Reproduce every record exactly as it appears, but not the pictures.

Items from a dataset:
============================================================

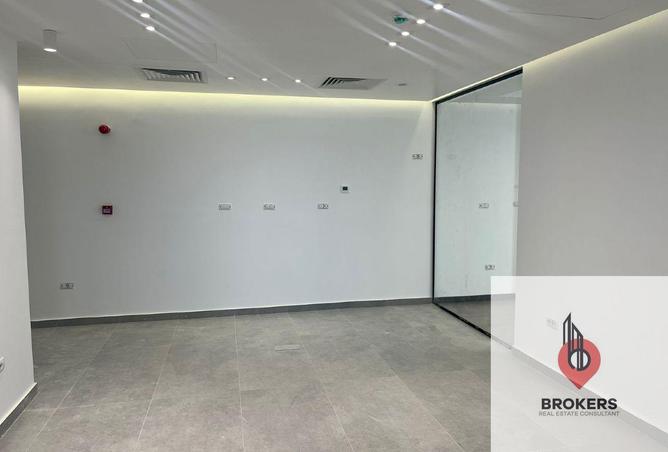 64900714 - صورة العقار 3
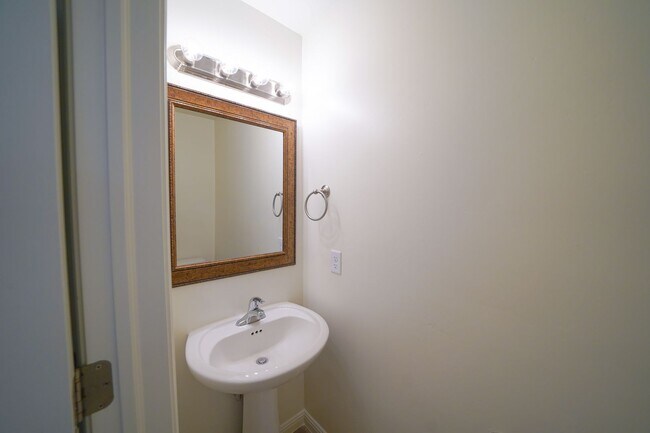 Foto del edificio - Remodeled 3 Bed / 2.5 Bath Townhome in Great Location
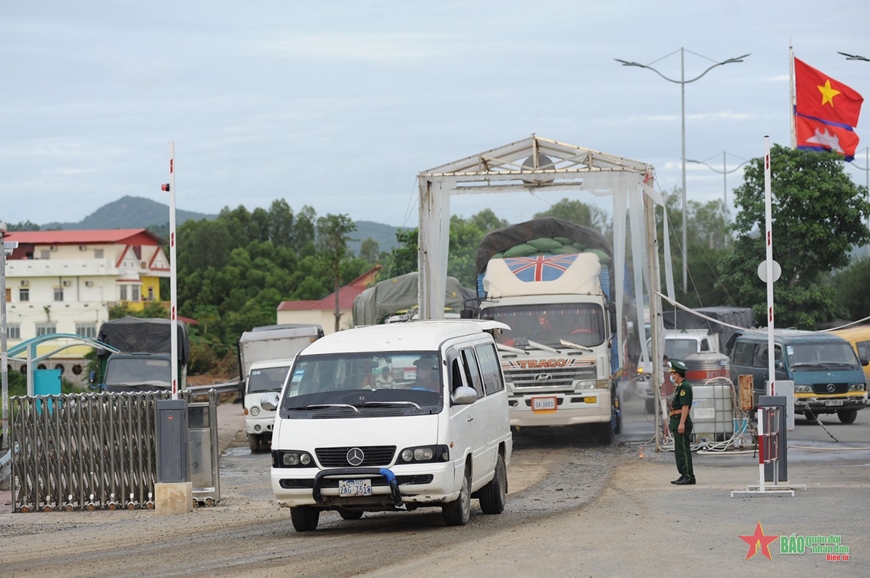 Tin chi tiết
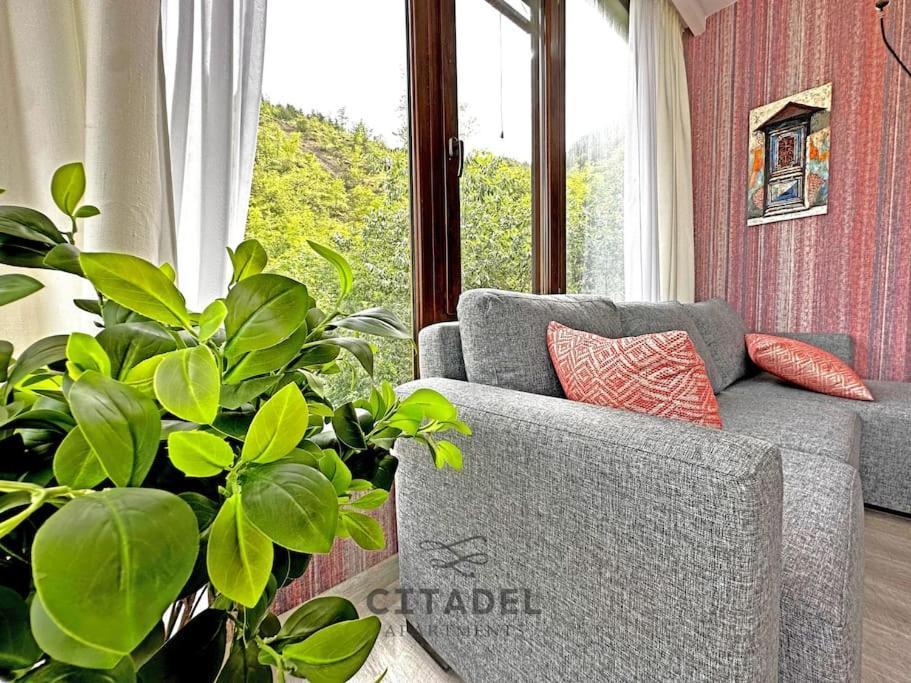 Apartments Тбилиси Екстериор снимка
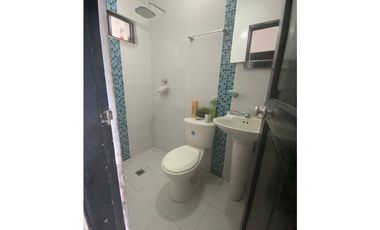 SE VENDE CASA EN LA MARGEN IZQUIERDA DE MONTERA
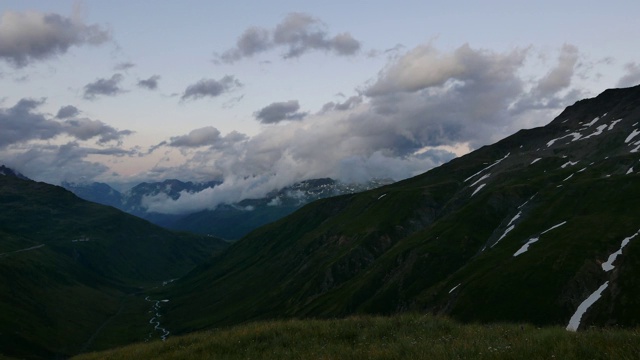 日落后不久，云层在瑞士阿尔卑斯山的高山上移动视频素材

============================================================

- OUTPUT
 64900714 - صورة العقار 3
 Foto del edificio - Remodeled 3 Bed / 2.5 Bath Townhome in Great Location
 Tin chi tiết
 Apartments Тбилиси Екстериор снимка
 SE VENDE CASA EN LA MARGEN IZQUIERDA DE MONTERA
 日落后不久，云层在瑞士阿尔卑斯山的高山上移动视频素材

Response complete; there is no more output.